Transferring his cigar to his fingers with an annoyed look, Seigo answered, “Isn’t it better to have him study hard now so that one of these days, when we’re poor, he’ll be able to save us?”
“Dai-san, could you become an actor?” asked Umeko.
Without answering, Daisuke put his glass before his sister-in-law. Umeko was also silent as she lifted the wine bottle.
“I hear you were terribly busy recently.” Daisuke took the conversation back to the beginning.
“Oh, it was too much.” Seigo sprawled out on the floor.
“Did it have anything to do with the Japan Sugar Refinery Incident?”
“It didn’t have anything to do with Japan Sugar, but I’ve been busy, that’s for sure.”
Seigo’s answers were never much clearer than this.
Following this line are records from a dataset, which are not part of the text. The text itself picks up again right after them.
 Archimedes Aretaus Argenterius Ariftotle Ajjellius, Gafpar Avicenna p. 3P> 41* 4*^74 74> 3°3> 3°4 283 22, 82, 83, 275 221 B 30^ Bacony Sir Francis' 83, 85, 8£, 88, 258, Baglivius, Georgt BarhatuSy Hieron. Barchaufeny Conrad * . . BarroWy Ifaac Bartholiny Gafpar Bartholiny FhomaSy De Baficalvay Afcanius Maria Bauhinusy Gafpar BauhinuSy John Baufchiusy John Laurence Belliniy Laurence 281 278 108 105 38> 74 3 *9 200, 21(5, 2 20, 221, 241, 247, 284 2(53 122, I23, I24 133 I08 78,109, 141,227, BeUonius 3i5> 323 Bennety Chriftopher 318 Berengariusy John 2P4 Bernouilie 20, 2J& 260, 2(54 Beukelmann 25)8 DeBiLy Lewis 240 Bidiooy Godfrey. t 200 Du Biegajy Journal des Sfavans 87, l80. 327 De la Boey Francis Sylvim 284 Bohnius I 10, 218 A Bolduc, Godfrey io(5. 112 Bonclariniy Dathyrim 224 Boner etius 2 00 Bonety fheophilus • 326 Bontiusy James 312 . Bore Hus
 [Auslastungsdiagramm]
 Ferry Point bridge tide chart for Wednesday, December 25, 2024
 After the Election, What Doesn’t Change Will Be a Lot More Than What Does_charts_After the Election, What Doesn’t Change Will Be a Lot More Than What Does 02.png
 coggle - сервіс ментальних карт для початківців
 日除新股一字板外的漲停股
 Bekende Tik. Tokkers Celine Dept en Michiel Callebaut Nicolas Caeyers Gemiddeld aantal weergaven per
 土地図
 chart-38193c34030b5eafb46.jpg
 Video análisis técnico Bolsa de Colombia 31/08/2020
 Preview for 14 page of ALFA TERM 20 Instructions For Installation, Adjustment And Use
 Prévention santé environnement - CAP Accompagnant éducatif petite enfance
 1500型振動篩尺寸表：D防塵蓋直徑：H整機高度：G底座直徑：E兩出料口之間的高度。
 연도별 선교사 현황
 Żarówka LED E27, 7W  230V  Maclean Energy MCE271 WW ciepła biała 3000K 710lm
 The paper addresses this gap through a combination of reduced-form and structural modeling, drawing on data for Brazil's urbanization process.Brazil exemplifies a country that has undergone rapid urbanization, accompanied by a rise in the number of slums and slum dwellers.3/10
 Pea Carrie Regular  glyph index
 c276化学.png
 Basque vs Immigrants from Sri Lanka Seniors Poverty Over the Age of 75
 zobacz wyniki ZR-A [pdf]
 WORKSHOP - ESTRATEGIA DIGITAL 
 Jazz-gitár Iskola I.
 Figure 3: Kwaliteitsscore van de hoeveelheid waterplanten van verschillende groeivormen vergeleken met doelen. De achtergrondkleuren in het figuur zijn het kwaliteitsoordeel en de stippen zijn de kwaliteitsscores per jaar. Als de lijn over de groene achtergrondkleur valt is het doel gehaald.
He probably did not care to be any clearer just now, but to Daisuke’s ears it sounded no different from his habitual laziness in speech. Thus Daisuke had always found it easy to plunge into the heart of his brother’s answ
ers. “Japan Sugar’s in a mess, but wasn’t there anything they could have done before things came to that?”
“Well, maybe. Actually, you never can tell what might happen in this world. Ume, you have to tell Naoki to take Hector out today so he gets some exercise. It’s not good for him to eat like this and sleep all day.” Seigo repeatedly rubbed his drooping eyelids.
“I guess it’s about time to go to the back and get a scolding from Father,” said Daisuke, putting his glass before his sister-in-law. Umeko laughed and poured the wine.
“About a wife?” asked Seigo. “Yes, I suppose so.”
“Go ahead and take her. Shouldn’t make an old man worry so much,” he said, then continued more decisively, “You’d better watch out. There’s been a low pressure front out these days.”
Daisuke, who had been about to rise, paused to check, “I hope it’s not a low caused by all this recent activity.”
His brother, still sprawled out, answered, “Can’t say. Even if we look solid like this, there’s no telling when we might be dragged off like those Japan Sugar executives.”
“Don’t talk so foolishly,” reproved Umeko.
“It’s probably a low brought on by my loafing.” Daisuke got up laughing.
He followed the verandah past the inner garden to his father’s quarters, where he found the old man seated before a Chinese desk reading a Chinese book. His father was fond of poetry, and whenever he had the time would read collections of Chinese poetry. At times, however, this was an indication of his worst moods. On such occasions even Daisuke’s imperturbable brother avoided him at all cost. If an encounter was absolutely necessary, he took the precaution of dragging Seitarō or Nuiko along with him. Daisuke remembered this when he got as far as the verandah, but thinking that he needn’t go to quite such extremes, he passed by one room and entered his father’s sitting room.